Thursday, December 9, 2010

Cream Cheese Chicken with Broccoli

Possibly my favorite slow cooker dish to date. Delicious! I was afraid at first to use cream cheese in a pasta dish, but it came out fantastic. It would also be great over rice. The following recipe serves 10-12 people, but I cut it down quite a bit. I hope you enjoy!

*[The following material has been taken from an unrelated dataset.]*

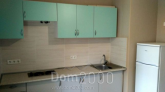 Lease 1-room apartment in the new building - Данченко, 28б, Podilskiy (9187-097) | Dom2000.com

Prep time: 10 minutes Total Cooking Time: 4 hours

  • 4 lbs boneless, skinless chicken breasts, cut into 1/2 inch pieces
  • 1 tbsp olive oil
  • 1 pkg Italian salad dressing mix
  • 2 cups sliced mushrooms
  • 1 cup chopped onion
  • 1 can (10 1/4 ounces) condensed low-fat cream of chicken soup
  • 1 bag (10 ounces) frozen broccoli florets, thawed
  • 1 pkg (8 ounces) reduced-fat cream cheese, cubed
  • 1/4 cup dry sherry (cooking wine)
  • hot cooked pasta or rice
  1. Toss chicken with olive oil. Sprinkle with Italian salad dressing mix. Place in slow cooker. Cover and cook on LOW 3 hours.
  2. Coat large skillet with nonstick cooking spray. Add mushrooms and onion; cook 5 minutes over medium heat until onions are tender, stirring occasionally.
  3. Add soup, broccoli, cream cheese, and sherry to skillet, cook and stir until hot.
  4. Transfer to slow cooker. Cover; cook on LOW an additional hour.
  5. Serve chicken and sauce over pasta or rice.